Partial Fraction Solution? This is the original fraction : $$\dfrac{8s^2}{(2s-3)^3}$$
From this I get : 
$$4As^2 - 12As + 9A + 2Bs - 3B + C = 8s^2$$
On the solution it says $4A = 8, A=2$, okay I understand this, $4As^2 = 8s^2$, and the rest is cancelled in the equation since there is only one $s^2$, but how $B=12$ and $C = 18$, I don't understand, can somebody explain please?
 A: $$\begin{align} -12 As + 2 Bs = 0s &\implies -12 A + 2B = 0 \\ \\ &\iff -12(2) + 2B = 0 \tag{A = 2}\\ \\ &\iff 2B = 24 \\ \\ &\iff B = 12\tag{B = 12}\end{align}$$
Do likewise for the constant term: $$9A - 3B + C = 0$$ Substitute into the equation your values $A = 2,\; B= 12$ to solve  for $C$.
A: As alternative to expanding polynomial expression and equating coefficients as you have done, you can exploit the fact that two polynomials are equal iff they have the same values for all possible values of the variable. So starting with $8s^2 = A(2s-3)^2 + B(2s-3) + C$, we can choose values for $s$ and equate both sides. This can be a much faster method for partial fractions with lots of factors in the denominator. For your problem, I'd pick $s=\frac{3}{2}, 1, 2$ and evaluate them in that order. The reason for those numbers is that $\frac{3}{2}$ is the solution to the linear factors present so it makes for easy evaluation.
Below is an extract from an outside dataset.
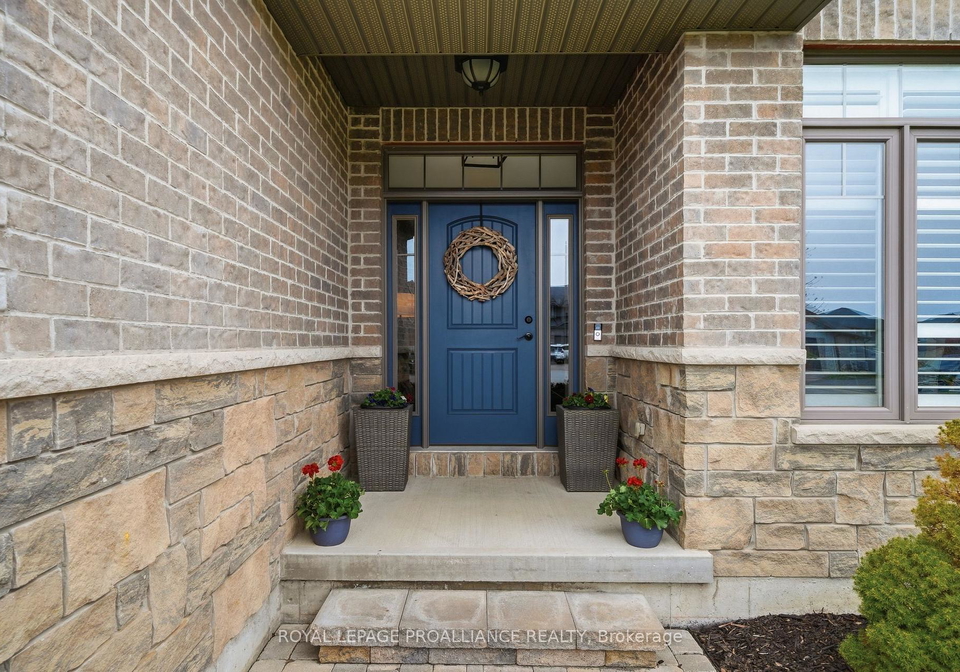 18-trinity-court-belleville-ontario-x13086140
The other two are chosen because they yield easy to work with results from $2s-3$.
$s=\frac{3}{2} \Longrightarrow 8(\frac{3}{2})^2 = 18 = A(0)^2 + B(0)^2 +C \Longleftrightarrow C = 18$
$s = 1 \Longrightarrow 8(1)^2 = A(-1)^2 + B(-1) + C \Longleftrightarrow 8 = A - B + 18 \Longleftrightarrow A - B = -10$
$s = 2 \Longrightarrow 8(2)^2 = A(1)^2 + B(1) + C \Longleftrightarrow 32 = A + B + 18 \Longleftrightarrow A + B = 14$ 
A very quick solve the system of equation generated from $s=1$ and $s=2$ yields that $A = 2$ and $B=12$.